Below are the records; output them exactly from the first line through the line with "435 W Erie Street Unit: 1106", stopping there.

--- Exercise inputs ---

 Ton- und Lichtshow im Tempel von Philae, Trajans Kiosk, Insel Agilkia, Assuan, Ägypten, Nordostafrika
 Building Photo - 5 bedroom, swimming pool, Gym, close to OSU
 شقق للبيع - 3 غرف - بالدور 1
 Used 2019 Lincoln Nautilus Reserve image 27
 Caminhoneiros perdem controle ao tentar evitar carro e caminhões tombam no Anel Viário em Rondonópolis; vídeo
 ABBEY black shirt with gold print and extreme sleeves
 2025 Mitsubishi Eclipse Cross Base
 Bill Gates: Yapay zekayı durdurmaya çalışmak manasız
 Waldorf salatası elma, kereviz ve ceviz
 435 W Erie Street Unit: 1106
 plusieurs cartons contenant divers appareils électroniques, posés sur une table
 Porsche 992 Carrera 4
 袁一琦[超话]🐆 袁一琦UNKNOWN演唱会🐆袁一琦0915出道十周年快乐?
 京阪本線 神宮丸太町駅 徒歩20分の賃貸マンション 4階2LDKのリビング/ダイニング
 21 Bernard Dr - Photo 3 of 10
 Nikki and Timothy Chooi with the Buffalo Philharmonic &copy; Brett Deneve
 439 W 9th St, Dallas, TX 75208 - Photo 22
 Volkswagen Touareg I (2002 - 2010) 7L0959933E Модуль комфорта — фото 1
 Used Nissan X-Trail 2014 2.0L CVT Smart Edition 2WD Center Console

---

== Output ==
 Ton- und Lichtshow im Tempel von Philae, Trajans Kiosk, Insel Agilkia, Assuan, Ägypten, Nordostafrika
 Building Photo - 5 bedroom, swimming pool, Gym, close to OSU
 شقق للبيع - 3 غرف - بالدور 1
 Used 2019 Lincoln Nautilus Reserve image 27
 Caminhoneiros perdem controle ao tentar evitar carro e caminhões tombam no Anel Viário em Rondonópolis; vídeo
 ABBEY black shirt with gold print and extreme sleeves
 2025 Mitsubishi Eclipse Cross Base
 Bill Gates: Yapay zekayı durdurmaya çalışmak manasız
 Waldorf salatası elma, kereviz ve ceviz
 435 W Erie Street Unit: 1106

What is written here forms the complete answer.